By ascribing to the firm or partnership the ownership of the property for the purpose of taxation where the firm was resident, the legislature brought about greater uniformity and equality in the imposition of taxes, and secured the payment of local taxes to the political division of the state that afforded protection to the business at the place where it was conducted. The case on the record is an admirable illustration. The business was carried on with fire and police protection, and with the benefit of lighting, highways, sewerage and water service, which were all supplied by the taxpayers of Baltimore City, and which the firm enjoyed in common with other similar firms whose partners were residents of that municipality. It would seem both just and logical in the legislature to require a firm so located and doing business to contribute to the government of the political division in which it resided by paying taxes upon its intangible assets there employed, rather than to permit its nonresident members to pay to another political division taxes on such intangible partnership personalty, according to their respective interests, at the variant rates of taxation prevailing in the respective counties in which they severally reside. Furthermore, the assessment and levy of a tax at the place where the business is conducted is more certain, convenient and economical.

2. While the argument of convenience, equality, and uniformity is an aid in the ascertainment of the legislative intent and justifies the interpretation here made upon economic and political grounds, nevertheless the enactment to be effective must be constitutional.
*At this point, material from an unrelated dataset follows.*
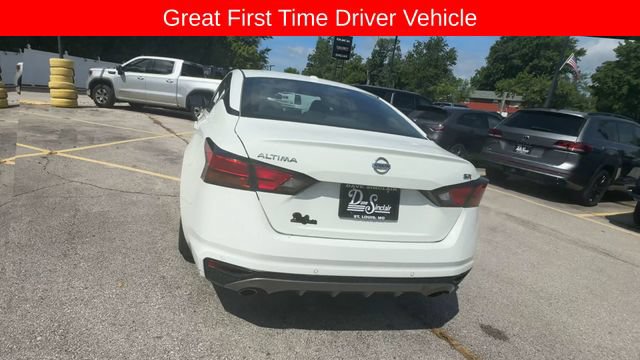 Used 2022 Nissan Altima 2.5 SR FWD image 7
The general rule of law is that the legislature has absolute power of taxation over all the property within the state, except as restricted by the federal and state constitutions; and section 51 of article 3 of the Maryland Constitution is relied upon to make void the legislation that, for the purposes of taxation, a partnership is a legal entity and the owner of the partnership property, and is to be assessed therefor at the place of business of the firm.

Section 51 declares: "The personal property of residents of this state shall be subject to taxation in the county or city where the resident bona fide resides for the greater part of the year for which the tax may or shall be levied, and not elsewhere, except goods and chattels permanently located, which shall be taxed in the city or county where they are so located, but the General Assembly may by law provide for the taxation of mortgages upon property in this state and the debts secured thereby in the county or city where such property is situated."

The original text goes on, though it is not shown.